Our grandfathers and great grandfathers fought on the battlefields. Many quilts exhibited in this collection give a glimpse into the struggles of World War I and of the benevolent contribution of our grandmothers and great grandmothers on the home front.
"Pop Up Poppies"
Curated By Gloria Comstock, VQM Curator and Registrar
Virginia Magruder Warren Gallery
Enjoy this "serendipity" exhibit memorial. The association between commemorating war dead and poppies arose from the famous opening lines of Canadian army officer John McCrae's 1915 poem "In Flanders Fields", which begins "In Flanders Fields the poppies blow; Between the crosses, row on row..."
ON OUR UPPER LEVEL
“Windchimes” by Fiber Artists @ Loose Ends
Galleries IV & V
Organized in 2005, the Fiber Artists @ Loose Ends encourages its members to explore new ideas and techniques by inspiring and nurturing creativity. Members express their passion for the textile medium by sharing their work in private and public venues.

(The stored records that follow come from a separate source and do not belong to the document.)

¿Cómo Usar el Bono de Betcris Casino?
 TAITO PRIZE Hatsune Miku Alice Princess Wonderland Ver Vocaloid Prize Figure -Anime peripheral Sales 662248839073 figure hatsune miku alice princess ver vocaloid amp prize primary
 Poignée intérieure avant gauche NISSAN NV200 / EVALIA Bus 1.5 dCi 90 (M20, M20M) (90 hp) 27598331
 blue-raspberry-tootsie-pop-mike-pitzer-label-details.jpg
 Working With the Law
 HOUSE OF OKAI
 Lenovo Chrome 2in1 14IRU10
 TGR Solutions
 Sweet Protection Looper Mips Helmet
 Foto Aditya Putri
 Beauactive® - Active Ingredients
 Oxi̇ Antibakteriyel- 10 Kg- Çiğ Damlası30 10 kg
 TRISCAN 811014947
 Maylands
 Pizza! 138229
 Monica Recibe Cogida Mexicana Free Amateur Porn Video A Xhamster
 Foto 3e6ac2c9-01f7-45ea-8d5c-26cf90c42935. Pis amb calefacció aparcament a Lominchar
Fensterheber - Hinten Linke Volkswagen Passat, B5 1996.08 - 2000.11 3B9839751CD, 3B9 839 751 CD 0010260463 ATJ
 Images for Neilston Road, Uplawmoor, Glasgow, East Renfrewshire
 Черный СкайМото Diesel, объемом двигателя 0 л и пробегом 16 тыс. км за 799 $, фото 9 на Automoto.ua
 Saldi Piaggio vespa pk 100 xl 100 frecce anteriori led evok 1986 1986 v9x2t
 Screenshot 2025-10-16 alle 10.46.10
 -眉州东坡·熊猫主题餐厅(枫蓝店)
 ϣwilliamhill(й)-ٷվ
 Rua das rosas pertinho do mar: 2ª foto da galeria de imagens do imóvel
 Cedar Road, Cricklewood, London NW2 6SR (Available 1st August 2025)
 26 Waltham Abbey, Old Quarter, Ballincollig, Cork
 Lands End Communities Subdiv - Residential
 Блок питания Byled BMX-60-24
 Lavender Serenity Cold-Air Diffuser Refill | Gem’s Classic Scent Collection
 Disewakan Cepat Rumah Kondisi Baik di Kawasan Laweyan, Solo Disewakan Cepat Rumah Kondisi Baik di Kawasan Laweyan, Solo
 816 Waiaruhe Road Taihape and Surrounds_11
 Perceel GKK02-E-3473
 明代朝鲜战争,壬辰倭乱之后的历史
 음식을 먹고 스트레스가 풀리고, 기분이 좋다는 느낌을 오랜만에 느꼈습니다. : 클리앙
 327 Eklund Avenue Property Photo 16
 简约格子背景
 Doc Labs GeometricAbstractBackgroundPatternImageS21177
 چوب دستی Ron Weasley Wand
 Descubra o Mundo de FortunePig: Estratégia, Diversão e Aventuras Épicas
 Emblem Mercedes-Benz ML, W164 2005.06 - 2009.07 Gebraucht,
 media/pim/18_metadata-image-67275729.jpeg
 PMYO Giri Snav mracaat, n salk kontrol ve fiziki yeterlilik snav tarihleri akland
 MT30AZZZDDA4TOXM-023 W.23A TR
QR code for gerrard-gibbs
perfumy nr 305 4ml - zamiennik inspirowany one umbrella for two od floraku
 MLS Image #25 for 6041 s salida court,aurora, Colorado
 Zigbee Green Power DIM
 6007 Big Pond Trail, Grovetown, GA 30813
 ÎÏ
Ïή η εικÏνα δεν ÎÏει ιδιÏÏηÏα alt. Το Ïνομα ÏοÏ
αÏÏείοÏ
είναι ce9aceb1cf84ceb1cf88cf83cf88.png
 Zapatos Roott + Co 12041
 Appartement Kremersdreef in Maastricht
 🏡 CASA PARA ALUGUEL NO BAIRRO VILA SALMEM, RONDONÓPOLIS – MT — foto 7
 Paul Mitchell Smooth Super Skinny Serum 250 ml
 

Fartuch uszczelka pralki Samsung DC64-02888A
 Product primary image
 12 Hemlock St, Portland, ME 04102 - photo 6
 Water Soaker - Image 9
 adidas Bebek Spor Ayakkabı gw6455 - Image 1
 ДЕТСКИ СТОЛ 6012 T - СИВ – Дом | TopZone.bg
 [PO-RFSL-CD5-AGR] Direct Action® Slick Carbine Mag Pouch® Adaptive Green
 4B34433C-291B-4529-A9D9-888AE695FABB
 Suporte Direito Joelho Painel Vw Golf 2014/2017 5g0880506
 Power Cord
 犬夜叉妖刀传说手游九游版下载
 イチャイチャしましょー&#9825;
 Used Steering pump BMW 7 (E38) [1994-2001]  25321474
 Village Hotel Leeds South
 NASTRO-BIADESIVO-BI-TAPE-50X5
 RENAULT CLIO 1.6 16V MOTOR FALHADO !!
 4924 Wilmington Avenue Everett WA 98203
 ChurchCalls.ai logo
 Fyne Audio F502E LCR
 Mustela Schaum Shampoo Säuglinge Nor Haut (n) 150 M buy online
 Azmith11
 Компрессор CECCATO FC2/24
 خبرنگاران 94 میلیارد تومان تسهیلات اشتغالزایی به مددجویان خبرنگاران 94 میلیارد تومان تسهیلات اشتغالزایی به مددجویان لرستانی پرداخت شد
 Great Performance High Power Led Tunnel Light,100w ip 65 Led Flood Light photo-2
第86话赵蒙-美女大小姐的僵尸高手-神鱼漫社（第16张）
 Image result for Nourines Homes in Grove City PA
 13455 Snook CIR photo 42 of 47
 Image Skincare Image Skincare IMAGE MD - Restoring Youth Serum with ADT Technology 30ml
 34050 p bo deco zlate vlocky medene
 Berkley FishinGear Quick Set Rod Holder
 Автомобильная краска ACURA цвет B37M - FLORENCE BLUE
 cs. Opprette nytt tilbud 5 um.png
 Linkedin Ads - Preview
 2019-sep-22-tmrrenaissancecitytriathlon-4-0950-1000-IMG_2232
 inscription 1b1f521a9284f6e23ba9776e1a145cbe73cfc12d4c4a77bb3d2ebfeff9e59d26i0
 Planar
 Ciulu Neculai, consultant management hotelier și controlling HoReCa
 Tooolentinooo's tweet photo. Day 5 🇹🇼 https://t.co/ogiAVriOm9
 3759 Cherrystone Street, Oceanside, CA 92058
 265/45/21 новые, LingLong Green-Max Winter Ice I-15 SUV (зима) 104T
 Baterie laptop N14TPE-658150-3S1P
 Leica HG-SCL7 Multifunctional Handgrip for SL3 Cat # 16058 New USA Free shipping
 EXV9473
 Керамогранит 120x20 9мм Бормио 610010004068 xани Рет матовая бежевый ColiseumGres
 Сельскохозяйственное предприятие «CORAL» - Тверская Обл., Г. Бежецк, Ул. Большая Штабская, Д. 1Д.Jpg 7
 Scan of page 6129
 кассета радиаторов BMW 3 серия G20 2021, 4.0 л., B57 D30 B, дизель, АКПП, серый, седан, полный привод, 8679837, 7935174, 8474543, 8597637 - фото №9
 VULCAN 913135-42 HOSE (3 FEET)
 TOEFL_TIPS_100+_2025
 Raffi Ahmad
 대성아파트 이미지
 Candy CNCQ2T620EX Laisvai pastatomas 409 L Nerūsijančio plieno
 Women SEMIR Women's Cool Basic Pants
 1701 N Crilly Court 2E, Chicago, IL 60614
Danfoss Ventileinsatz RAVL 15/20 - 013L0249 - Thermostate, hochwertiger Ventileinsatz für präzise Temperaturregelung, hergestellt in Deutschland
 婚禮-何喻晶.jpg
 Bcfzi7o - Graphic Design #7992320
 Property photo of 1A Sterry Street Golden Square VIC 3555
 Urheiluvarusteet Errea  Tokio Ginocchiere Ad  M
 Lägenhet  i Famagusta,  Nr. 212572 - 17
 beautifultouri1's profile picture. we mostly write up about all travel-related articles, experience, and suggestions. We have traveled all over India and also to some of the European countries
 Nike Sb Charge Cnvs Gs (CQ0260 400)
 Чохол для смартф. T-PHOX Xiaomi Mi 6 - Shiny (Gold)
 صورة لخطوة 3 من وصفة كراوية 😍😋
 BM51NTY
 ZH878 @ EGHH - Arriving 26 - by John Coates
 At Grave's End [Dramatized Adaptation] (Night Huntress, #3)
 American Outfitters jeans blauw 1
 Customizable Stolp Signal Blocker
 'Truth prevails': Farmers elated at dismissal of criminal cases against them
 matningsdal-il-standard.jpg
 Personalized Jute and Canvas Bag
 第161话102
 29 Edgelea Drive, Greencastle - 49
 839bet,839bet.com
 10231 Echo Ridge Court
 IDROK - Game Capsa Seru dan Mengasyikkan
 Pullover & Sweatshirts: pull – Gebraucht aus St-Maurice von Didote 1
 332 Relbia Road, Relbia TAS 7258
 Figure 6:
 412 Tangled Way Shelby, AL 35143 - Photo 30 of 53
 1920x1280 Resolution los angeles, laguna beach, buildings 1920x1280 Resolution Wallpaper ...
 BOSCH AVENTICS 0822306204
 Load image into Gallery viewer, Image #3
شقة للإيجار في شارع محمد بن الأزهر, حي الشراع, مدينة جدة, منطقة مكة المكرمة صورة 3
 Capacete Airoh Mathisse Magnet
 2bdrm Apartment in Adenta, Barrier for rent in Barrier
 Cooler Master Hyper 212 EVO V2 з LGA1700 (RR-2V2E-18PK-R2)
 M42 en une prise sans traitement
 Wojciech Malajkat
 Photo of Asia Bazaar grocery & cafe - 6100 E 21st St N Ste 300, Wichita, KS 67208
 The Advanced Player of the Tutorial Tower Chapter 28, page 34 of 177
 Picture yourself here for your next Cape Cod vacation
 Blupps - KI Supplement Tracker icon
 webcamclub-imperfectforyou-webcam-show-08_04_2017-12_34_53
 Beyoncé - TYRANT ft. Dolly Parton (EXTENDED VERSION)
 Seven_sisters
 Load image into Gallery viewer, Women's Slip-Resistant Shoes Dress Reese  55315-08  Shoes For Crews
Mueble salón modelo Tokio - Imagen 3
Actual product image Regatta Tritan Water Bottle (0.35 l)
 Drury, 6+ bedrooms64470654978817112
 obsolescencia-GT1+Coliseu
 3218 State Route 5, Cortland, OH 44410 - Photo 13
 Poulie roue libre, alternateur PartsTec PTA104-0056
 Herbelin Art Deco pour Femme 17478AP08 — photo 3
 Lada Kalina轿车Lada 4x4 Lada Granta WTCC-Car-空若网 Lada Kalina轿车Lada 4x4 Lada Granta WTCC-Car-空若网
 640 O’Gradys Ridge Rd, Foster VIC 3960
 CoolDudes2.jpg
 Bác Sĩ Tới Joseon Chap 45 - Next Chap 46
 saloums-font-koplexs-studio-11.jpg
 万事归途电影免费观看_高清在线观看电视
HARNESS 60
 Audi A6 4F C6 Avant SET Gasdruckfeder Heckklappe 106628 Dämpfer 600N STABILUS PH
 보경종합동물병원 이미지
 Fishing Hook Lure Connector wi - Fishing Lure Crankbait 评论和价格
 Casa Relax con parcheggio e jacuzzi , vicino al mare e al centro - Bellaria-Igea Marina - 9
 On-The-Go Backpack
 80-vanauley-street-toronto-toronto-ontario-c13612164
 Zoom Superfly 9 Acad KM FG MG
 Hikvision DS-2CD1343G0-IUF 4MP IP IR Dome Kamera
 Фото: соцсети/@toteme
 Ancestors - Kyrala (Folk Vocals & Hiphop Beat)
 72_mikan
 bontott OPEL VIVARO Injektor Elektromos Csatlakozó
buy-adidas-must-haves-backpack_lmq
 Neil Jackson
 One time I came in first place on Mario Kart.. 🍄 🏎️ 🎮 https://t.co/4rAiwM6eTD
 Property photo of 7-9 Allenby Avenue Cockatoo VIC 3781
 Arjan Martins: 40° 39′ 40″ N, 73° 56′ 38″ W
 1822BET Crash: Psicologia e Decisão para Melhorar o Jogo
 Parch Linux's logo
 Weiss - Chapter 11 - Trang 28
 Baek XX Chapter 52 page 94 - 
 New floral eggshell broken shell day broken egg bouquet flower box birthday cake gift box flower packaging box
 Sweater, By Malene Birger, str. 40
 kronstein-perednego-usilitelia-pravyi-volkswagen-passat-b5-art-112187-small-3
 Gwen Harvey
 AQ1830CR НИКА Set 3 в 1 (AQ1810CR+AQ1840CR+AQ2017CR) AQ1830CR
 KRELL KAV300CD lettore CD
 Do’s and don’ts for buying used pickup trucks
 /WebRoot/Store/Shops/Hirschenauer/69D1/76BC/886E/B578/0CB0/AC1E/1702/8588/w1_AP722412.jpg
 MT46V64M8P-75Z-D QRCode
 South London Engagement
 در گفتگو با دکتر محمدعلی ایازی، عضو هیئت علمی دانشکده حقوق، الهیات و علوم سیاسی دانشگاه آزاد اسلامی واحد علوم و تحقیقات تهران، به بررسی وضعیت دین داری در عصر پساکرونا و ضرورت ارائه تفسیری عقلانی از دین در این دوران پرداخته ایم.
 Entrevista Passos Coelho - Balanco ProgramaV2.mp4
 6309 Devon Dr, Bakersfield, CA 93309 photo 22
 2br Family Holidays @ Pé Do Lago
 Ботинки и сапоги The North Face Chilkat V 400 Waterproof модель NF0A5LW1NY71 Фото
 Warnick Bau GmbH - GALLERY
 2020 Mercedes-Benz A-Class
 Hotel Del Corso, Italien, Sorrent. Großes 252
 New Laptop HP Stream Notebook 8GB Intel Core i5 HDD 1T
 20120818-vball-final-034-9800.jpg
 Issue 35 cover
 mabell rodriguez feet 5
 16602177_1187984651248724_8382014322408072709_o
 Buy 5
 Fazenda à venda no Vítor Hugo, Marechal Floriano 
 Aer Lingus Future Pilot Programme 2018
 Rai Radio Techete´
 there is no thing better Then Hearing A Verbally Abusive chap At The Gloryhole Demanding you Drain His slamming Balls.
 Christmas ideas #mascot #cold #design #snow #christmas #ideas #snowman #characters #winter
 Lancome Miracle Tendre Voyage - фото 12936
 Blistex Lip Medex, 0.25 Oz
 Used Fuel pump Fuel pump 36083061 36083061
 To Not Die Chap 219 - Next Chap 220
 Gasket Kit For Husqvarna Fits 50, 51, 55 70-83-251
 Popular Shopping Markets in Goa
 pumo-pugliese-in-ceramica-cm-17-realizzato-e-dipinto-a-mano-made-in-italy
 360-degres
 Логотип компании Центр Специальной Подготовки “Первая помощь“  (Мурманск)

The ten members created this eight-part installation, featuring the four seasons and the four elements of Fire, Water, Air, and Earth. The eight pieces reflect each artist's unique style and individuality within parameters set by the group. Notice techniques that range from traditional quilting designs to painting on silk to fused fibers that have been stitched and then melted.
"Treasures From the Vault: Early 20th Century Quilts"
Curated by Gloria Comstock, VQM Curator and Registrar
Gallery VI and Hallway
In recognition of this year's Centennial Anniversary of U.S. involvement in the First World War, enjoy this diverse selection of World War I era quilts (1910s and 1920s) from the Virginia Quilt Museum's own collection.
ON OUR LOWER LEVEL
"Something Old is New Again: Needlework of the 20th and 21st Centuries" by the Shenandoah Valley Chapter of the American Needlepoint Guild
Curated by Gretchen Janesak and Laurie Kelly
Galleries A, B, and C
The study of needlework objects, which have historically served both decorative and functional purposes, provides insight into our history and the everyday lives led of our forebears.
English and American schoolgirl samplers are familiar examples of decorative needlework that were prominently displayed in family parlors. But at the same time, the lines of alphabet on samplers offered practice of the skill used to embroider initials on household linens to identify the owner. Samplers recorded family events like births, deaths, and marriages. Pictorial motifs portrayed the spirit and economic or social status of the communities of embroiderers who worked them. Utilitarian purposes of needlework also extended to quilted fabrics that provided warmth and cushioning (under suits of armor); to embroidered bed curtains and valances for drafty bedchambers; and to needlepoint seat cushions providing the only comfort on hand-hewn wood furniture.
Items in this exhibit include family heirlooms, but the majority is needlework by Chapter members whose designs are consistent with the portrayed time frame. These contemporary works of art are the family heirlooms of the generations to follow.